Response by the Black minorities
In response to Patton’s use of the Chinese word, a letter purportedly signed by “Black MBA candidates c/o 2022” was addressed to USC. The letter shared that Patton conveniently paused his lecture recording while he said “nei-ge” five times, as well as the subsequent queries raised by his students about his choice of using “nei-ge”. The letter alleged that Patton’s pronunciation of “nei-ge” was different from other Mandarin speakers, and has “offended all the Black members” of the class. Patton “agreed to take a short-term pause” from teaching that particular course, and has been reassigned to teach other USC courses.
Response by the Chinese community
In response to Patton’s removal from the course, several USC alumni who claim to be based in China, addressed a letter to USC in defence of Patton. They argued that they recognised Patton’s use of “nei-ge” was an “accurate rendition” of common Chinese use, and felt USC was being receptive towards areas that are “convenient for the moment” (Black Lives Matter). They also called for USC to be open towards cultural diversity, and remarked that it was “vile” to treat ordinary Chinese words as a slur. An online petition was also started to call for Patton to be reinstated.

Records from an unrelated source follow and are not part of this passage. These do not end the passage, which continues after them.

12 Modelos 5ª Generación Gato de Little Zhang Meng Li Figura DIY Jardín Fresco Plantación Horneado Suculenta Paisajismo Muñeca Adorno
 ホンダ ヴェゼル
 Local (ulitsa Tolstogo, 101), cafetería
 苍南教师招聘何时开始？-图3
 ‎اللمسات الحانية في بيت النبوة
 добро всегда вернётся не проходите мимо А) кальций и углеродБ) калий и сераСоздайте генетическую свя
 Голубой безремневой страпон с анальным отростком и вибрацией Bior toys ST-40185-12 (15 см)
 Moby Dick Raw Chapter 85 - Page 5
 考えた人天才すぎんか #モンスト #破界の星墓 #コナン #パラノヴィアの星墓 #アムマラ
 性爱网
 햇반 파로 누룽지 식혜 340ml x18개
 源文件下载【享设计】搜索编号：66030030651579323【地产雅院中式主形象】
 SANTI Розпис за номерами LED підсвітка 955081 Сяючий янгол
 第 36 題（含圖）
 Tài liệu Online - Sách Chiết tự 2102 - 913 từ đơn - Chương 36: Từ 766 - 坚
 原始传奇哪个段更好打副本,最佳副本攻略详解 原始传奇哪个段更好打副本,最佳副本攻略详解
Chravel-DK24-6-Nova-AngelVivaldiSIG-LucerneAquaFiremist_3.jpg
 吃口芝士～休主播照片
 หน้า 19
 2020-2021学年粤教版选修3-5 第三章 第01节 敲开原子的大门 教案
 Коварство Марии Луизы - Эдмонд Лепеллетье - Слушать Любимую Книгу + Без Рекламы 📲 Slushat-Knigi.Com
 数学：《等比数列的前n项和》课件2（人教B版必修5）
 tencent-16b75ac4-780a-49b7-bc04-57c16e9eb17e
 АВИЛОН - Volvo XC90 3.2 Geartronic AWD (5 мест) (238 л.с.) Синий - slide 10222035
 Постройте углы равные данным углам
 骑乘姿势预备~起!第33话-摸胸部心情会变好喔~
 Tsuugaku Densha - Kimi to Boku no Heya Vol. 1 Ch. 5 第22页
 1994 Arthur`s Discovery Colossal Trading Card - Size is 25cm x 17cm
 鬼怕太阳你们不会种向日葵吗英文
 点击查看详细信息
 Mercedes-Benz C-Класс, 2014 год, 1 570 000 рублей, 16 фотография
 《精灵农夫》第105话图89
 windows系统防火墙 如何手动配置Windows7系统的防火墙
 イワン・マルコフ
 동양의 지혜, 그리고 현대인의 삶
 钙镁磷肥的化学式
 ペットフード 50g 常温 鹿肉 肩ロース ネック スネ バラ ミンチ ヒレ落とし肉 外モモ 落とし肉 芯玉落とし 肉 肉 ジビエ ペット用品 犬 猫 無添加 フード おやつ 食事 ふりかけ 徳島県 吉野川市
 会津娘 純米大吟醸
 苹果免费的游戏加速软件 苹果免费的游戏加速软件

Meanwhile, videos of the lecture were circulated on Chinese microblogging site Sina Weibo. Most Weibo users believe that Patton was unfairly treated, stressing that the context was not regarding any racial situation or black person and was an example of cultural sensitivity gone wrong. They also felt USC chose “political correctness” over genuine change in promoting understanding across cultural differences. Other users took Patton’s suspension as a move towards suppression of Chinese speech, with some likening the incident to “literary inquisition”.
It is unfortunate that the desire to restate the rights of one minority group have implicated the rights of another minority group. Ultimately, cultural differences and the understanding that no single culture or language is superior to another should be acknowledged and respected.